-- Supplied material --
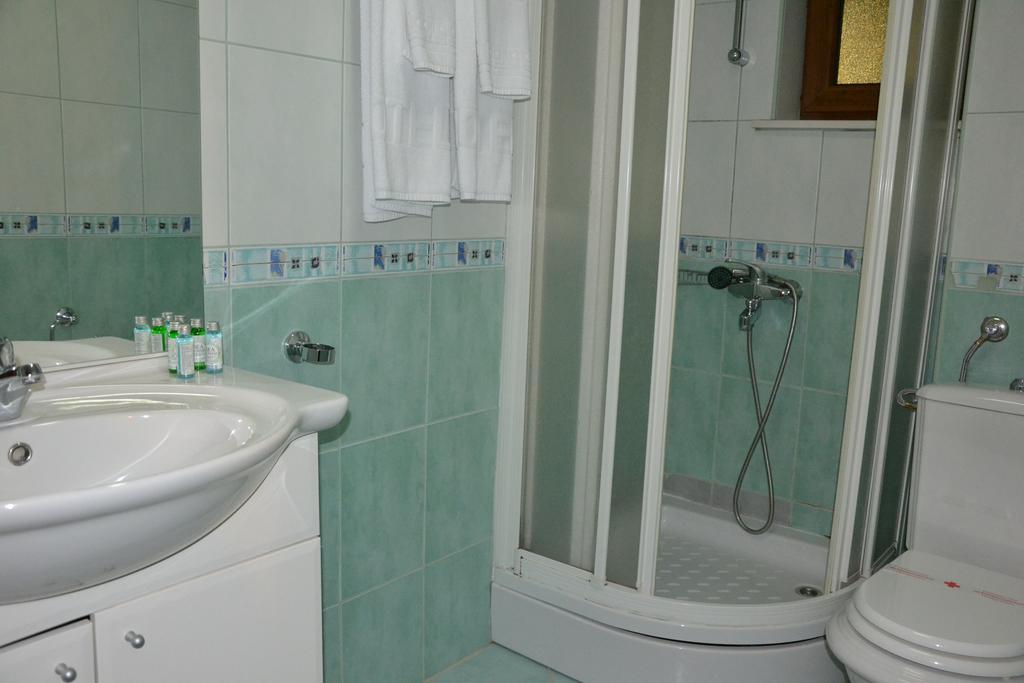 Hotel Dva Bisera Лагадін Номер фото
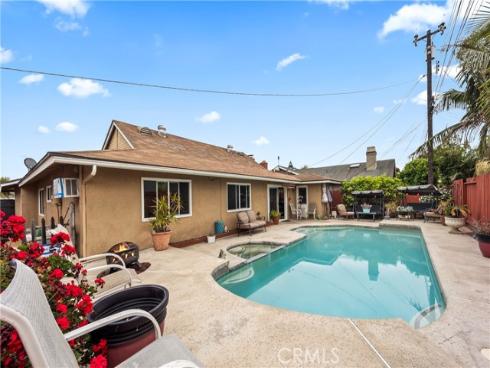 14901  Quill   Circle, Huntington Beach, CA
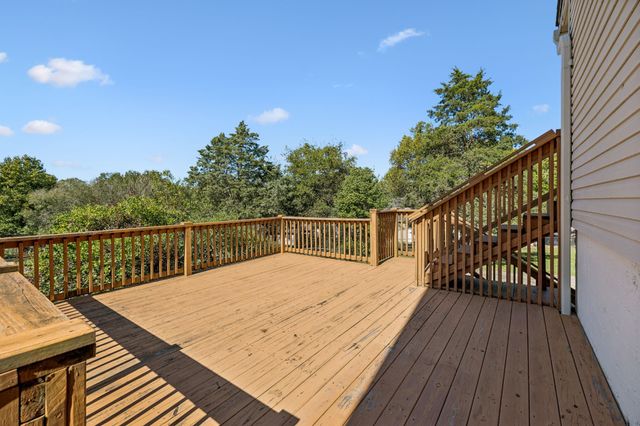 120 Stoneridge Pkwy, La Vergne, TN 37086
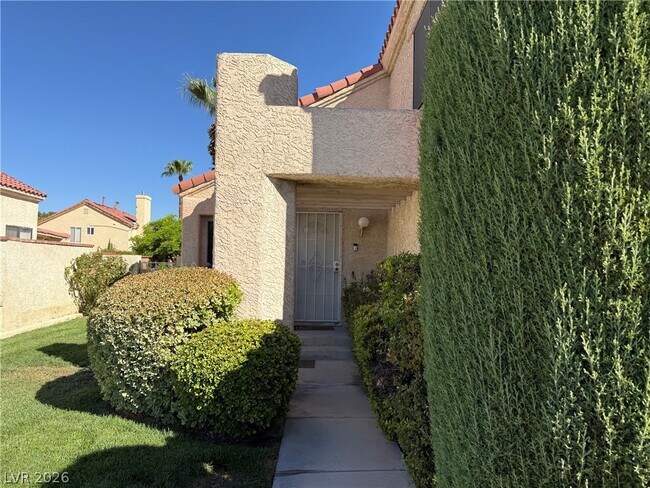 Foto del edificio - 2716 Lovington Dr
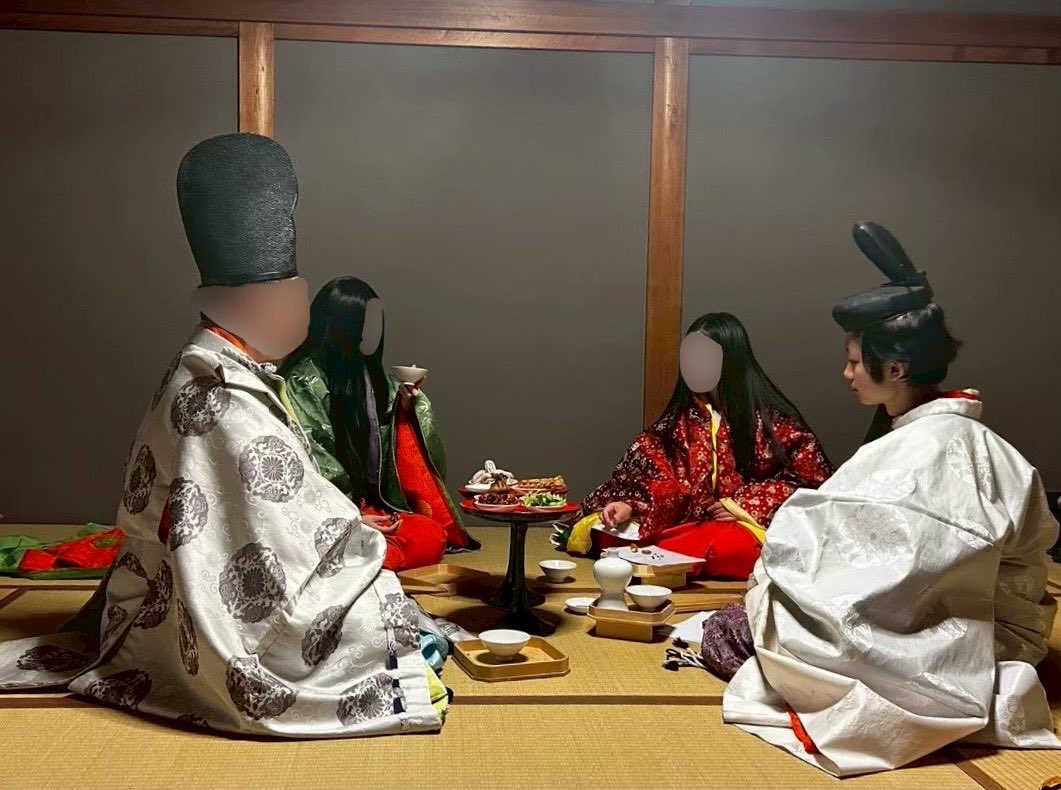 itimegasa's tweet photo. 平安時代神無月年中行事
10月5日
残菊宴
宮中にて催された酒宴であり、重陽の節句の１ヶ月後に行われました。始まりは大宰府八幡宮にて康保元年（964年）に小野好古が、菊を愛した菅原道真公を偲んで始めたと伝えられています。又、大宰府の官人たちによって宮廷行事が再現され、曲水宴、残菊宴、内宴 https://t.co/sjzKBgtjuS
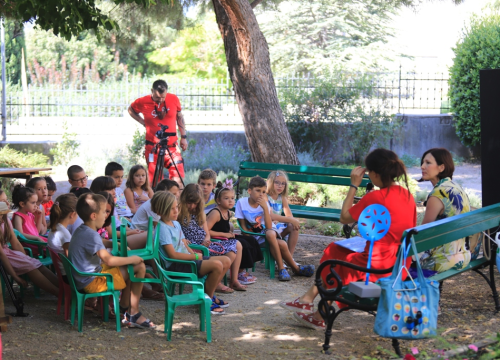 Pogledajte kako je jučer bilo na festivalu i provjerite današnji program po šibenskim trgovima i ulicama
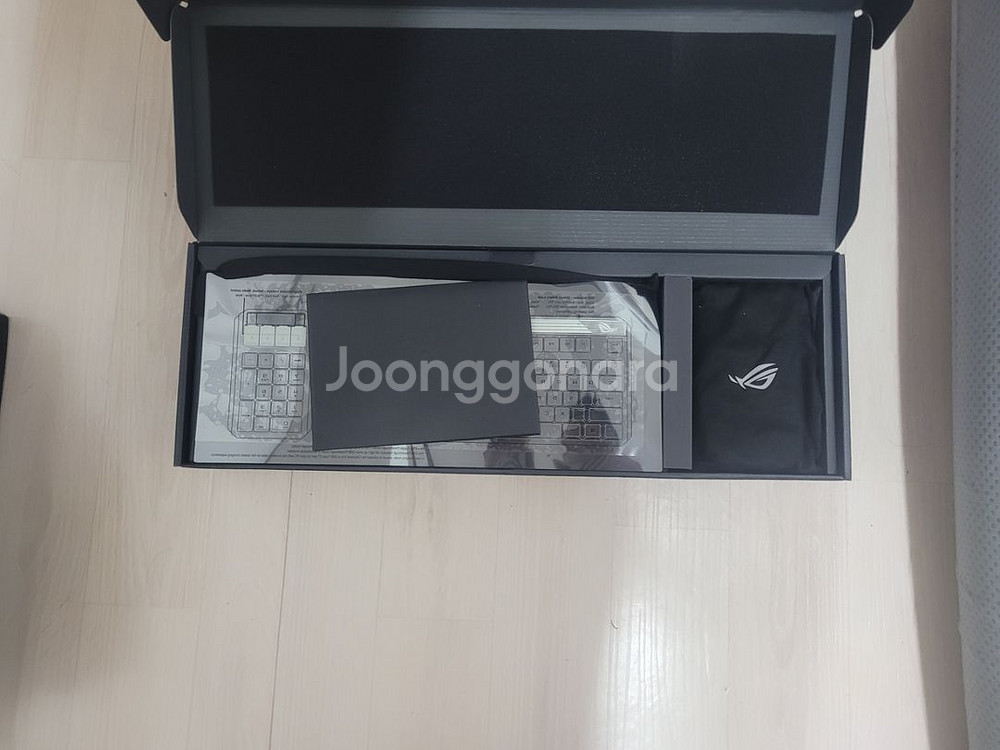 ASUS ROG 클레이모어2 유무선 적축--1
--
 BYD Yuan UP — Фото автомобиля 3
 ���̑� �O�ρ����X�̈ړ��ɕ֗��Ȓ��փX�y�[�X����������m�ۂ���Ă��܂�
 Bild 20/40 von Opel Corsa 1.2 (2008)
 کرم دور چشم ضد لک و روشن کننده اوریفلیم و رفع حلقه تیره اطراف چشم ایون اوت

-- Your instructions --
Above are the records; restate exactly the lines from the one containing "Huntington Beach, CA" through the one containing "ASUS ROG 클레이모어2 유무선 적축--1", keeping pictures out.

-- Task output --
 14901  Quill   Circle, Huntington Beach, CA
 120 Stoneridge Pkwy, La Vergne, TN 37086
 Foto del edificio - 2716 Lovington Dr
 itimegasa's tweet photo. 平安時代神無月年中行事
10月5日
残菊宴
宮中にて催された酒宴であり、重陽の節句の１ヶ月後に行われました。始まりは大宰府八幡宮にて康保元年（964年）に小野好古が、菊を愛した菅原道真公を偲んで始めたと伝えられています。又、大宰府の官人たちによって宮廷行事が再現され、曲水宴、残菊宴、内宴 https://t.co/sjzKBgtjuS
 Pogledajte kako je jučer bilo na festivalu i provjerite današnji program po šibenskim trgovima i ulicama
 ASUS ROG 클레이모어2 유무선 적축--1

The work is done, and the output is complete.